“Pazar Günleri”: Neyse ki edebiyata ömür biçilmiyor!

Mayıs 24, 2013

“Pazar Günleri”: Neyse ki edebiyata ömür biçilmiyor!

Iréne Némirovsky’nin yazdığı, Ebru Erbaş’ın çevirdiği Pazar Günleri, Can Yayınları’nca yayımlandı.

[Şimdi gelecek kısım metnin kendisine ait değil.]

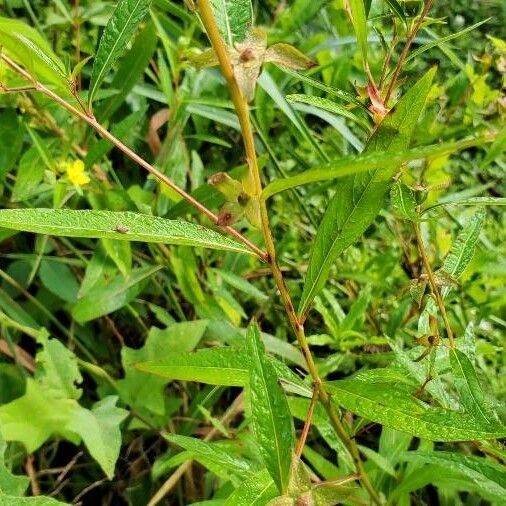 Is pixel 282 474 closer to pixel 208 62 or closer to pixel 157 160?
pixel 208 62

1934-1942 yılları arasında kaleme alınan bu on beş öykünün yaratıcısı Némirovsky, 1903’de Kiev’de dünyaya gelir. Ukrayna asıllı bir Rus Yahudisi olan yazar, Ekim Devrimi’nin ardından ailesiyle Fransa’ya göç eder. 1935’de Fransız vatandaşlığına geçme talebi reddedilir, 1939’da, Yahudiler için yaklaşmakta olanı fark edip Katolik olur. Fakat bu sonuçsuz bir girişimdir: Otuz dokuz yaşında Auschwitz Kampı’nda ölür, cesedi hiç bulunamaz…

Némirovsky’nin edebiyat hayatına girişi 1926’da yayımlanan romanı Yanlış Anlama’yla olur, asıl fark edilişiyse 1929’da basılan ikinci romanı David Golder’la gerçekleşecektir. Geniş kitlelere ulaşması ölümünden sonra çocuklarının bulduğu ve 2004 yayımlattığı Fransız Süiti romanıyla olur, bu romanla ilk kez ölmüş bir romancıya verilen Renaudot Ödülü’nü alır.

Némirovsky, Yahudi karşıtı ve Vichy Hükümeti’ni destekleyen milliyetçi haftalık dergi Gringoire’da yazması ve kitaplarında Yahudileri daha çok olumsuz yanlarıyla aktarması dolayısıyla çok eleştirilir. Daha otuzlu yılların başından itibaren edebiyat dünyasının prensesliğine yükselen, üslubunu, daha ilk sayfalardan kendilerini dayatan kişilikleri tasvir etmede kullandığı tutumlu dil kullanımını öven büyük eleştirmenlerce göklere çıkarılan Irène Némirovsky bir Fransız yazar olarak kabul edilir. Rus duyarlılığıyla yazan bir Fransız yazardır, öykü ve romanlarında iki savaş arasındaki Fransız toplumunun son derece isabetli analizlerini yapar.

İrène Némirovsky iki ana tema çevresinde yazar; anne ve Yahudilik. Tehlikeli olduğunu bildiği toprakları keşfe çıkan bir avcı gibi, silahına davranmadan, yaklaşabileceği kadar yaklaşarak yazar onları. Korkularını işler. Onları bize güçsüz düşmüş, nefesi kesilmiş ama asla yere yığılmamış halde gösterme şeklinin kaynadığı da budur.  Anne kraliçedir; güzelliğinin doruğunda olduğunda bile kızı onu ağır, kasvetli ve hastalıklı olarak yansıtır. Hem kızının kusurlarını vurgulayan hem de kızının varoluşunda dahi kendi yaşlanmasının ve bir rekabetin doğuşunun işaretini gören bir annedir bu. Kendi soyunu böyle yüzüstü bırakma hali, Némirovsky’nin öykülerinde kendini hep hissettirir. Anne-kız çatışmasında görünürde daima sevginin icapları yerine getirilir ama maskelerin sırıttığı da aşikârdır. Ama hakikati söylememek daha iyidir; çünkü hakikat yaralayıcıdır.

Sevilmemiş bir çocuk olan yazarın, bunun açtığı derin yaraların izlerini taşıdığı bilinir. İnsanı ve onun hassas varoluşunu çok iyi tanıyan yazar, bunları etkileyici, sabırlı ve taviz vermeyen dürüstlükle dile getirir.